Studio album by Charles Earland
- Released: 1974
- Recorded: December 11, 12 & 13, 1973 Fantasy Studios, Berkeley, California
- Genre: Jazz-funk
- Length: 78:39
- Label: Prestige PR 66002
- Producer: Charles Earland

Charles Earland chronology
| The Dynamite Brothers (1973) | Leaving This Planet (1974) | Kharma (1974) |

= Leaving This Planet =

Leaving This Planet is a double album by organist Charles Earland that was recorded in 1973 and released on the Prestige label.

==Reception==

Allmusic awarded the album 4 stars where Alex Henderson states "A definite departure from the type of earthy, groove-oriented soul-jazz he usually embraced, Leaving This Planet is perhaps Charles Earland's most ambitious album – not necessarily his best, but certainly his most surprising.

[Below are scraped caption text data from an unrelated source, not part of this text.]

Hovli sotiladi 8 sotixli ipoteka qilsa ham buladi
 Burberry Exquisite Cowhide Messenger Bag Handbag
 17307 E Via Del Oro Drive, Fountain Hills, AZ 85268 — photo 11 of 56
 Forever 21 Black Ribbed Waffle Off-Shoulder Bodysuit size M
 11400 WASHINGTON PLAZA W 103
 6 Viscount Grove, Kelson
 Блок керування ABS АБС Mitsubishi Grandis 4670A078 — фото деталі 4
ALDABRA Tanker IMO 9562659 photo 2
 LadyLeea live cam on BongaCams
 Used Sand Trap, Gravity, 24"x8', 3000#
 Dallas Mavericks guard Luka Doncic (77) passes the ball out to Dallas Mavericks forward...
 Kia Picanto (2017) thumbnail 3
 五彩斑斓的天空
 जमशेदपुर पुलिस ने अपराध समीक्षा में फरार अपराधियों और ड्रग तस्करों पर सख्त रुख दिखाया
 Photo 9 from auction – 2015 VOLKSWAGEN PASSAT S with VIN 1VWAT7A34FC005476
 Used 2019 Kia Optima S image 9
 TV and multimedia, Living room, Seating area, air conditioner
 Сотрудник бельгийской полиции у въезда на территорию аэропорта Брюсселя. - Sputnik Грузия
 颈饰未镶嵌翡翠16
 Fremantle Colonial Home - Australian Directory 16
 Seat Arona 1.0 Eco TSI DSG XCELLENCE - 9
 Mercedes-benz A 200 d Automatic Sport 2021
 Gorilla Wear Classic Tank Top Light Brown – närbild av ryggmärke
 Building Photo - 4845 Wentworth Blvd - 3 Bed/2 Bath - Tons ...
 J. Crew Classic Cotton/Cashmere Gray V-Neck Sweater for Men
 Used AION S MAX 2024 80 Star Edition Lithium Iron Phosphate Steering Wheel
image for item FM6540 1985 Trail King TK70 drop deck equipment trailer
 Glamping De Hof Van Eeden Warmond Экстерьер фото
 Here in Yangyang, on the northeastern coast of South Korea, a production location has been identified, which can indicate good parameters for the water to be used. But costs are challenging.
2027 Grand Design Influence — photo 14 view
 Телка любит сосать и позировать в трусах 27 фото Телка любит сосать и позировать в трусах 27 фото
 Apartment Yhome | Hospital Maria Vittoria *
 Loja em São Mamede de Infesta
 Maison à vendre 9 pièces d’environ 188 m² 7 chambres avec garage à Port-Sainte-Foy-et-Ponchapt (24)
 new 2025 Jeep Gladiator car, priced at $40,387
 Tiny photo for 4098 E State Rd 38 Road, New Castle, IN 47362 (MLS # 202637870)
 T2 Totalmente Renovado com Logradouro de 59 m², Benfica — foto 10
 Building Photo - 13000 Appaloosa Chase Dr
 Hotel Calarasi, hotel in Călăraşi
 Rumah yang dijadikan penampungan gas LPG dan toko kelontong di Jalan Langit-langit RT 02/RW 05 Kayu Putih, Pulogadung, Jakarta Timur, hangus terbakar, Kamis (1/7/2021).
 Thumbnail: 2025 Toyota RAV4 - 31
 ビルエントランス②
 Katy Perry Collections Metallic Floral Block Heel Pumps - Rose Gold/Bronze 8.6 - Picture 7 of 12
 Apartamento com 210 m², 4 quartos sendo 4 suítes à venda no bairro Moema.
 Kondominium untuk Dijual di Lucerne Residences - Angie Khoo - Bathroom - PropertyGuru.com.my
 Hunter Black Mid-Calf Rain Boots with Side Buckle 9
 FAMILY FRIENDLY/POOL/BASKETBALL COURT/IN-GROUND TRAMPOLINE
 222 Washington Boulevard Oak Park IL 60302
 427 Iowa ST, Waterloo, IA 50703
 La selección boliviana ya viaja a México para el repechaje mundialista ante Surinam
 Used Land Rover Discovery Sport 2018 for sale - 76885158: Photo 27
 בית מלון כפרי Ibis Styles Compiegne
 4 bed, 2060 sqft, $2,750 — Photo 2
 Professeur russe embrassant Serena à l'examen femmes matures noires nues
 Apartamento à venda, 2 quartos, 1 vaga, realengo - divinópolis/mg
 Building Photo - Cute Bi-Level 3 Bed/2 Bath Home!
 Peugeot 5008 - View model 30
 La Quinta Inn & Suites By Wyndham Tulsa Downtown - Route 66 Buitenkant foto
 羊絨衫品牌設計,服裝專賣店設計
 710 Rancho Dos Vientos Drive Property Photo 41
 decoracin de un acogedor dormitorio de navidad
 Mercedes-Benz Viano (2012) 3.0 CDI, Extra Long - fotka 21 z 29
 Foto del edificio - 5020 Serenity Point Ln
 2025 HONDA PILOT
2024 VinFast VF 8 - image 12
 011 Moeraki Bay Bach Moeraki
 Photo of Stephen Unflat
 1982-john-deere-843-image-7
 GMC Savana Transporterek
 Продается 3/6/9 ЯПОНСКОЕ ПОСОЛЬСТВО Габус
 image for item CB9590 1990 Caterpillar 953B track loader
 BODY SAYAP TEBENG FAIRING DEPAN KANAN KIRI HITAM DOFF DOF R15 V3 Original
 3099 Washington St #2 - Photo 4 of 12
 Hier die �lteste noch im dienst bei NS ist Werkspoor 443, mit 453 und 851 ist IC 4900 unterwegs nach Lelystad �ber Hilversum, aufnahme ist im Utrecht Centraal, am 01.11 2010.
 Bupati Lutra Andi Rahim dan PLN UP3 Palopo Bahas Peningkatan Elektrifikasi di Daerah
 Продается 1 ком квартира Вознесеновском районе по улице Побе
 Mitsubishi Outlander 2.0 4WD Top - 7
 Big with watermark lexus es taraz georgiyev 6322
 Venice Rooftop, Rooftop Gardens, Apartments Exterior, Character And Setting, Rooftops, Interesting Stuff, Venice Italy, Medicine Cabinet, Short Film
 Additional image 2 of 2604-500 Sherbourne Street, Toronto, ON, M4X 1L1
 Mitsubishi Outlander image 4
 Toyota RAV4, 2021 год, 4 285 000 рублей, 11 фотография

Responding to the fusion revolution, Earland plays keyboards and various synthesizers in addition to his usual Hammond B-3 organ and thrives in a very electric setting... he leaves no doubt just how much he's enjoying this surprising change of pace."

Professional ratings
Review scores
| Source | Rating |
| Allmusic |  |
| The Rolling Stone Jazz Record Guide |  |
| The Penguin Guide to Jazz Recordings |  |

== Track listing ==
All compositions by Charles Earland except as indicated
1. (A1) "Leaving This Planet" – 7:29
2. (A2) "Red Clay" (Freddie Hubbard) – 7:05
3. (A3) "Warp Factor 8" – 6:18
4. (B1) "Brown Eyes" – 11:45
5. (B2) "Asteroid" – 6:40
6. (C1) "Mason's Galaxy" – 7:17
7. (C2) "No Me Esqueca" (Joe Henderson) – 7:41
8. (C3) "Tyner" – 6:03
9. (D1) "Van Jay" – 8:36
10. (D2) "Never Ending Melody" – 9:45

== Personnel ==
- Charles Earland – organ, ARP and Moog synthesizers, clavinet (on track 3), soprano saxophone (on track 8), electric piano (on track 10)
- Eddie Henderson – trumpet (on tracks 1, 4, 6, 8)
- Freddie Hubbard – trumpet, flugelhorn
- Dave Hubbard – soprano saxophone, tenor saxophone, alto flute
- Joe Henderson – tenor saxophone
- Patrick Gleeson – ARP and Moog synthesizers
- Eddie Arkin (on tracks 1, 3, 4, 6, 8, 10); Greg Crockett (on track 2); Mark Elf – guitar
- Brian Brake (on tracks 3, 9, 10); Harvey Mason – drums
- Larry Killian – percussion
- Rudy Copeland – vocals (on track 1)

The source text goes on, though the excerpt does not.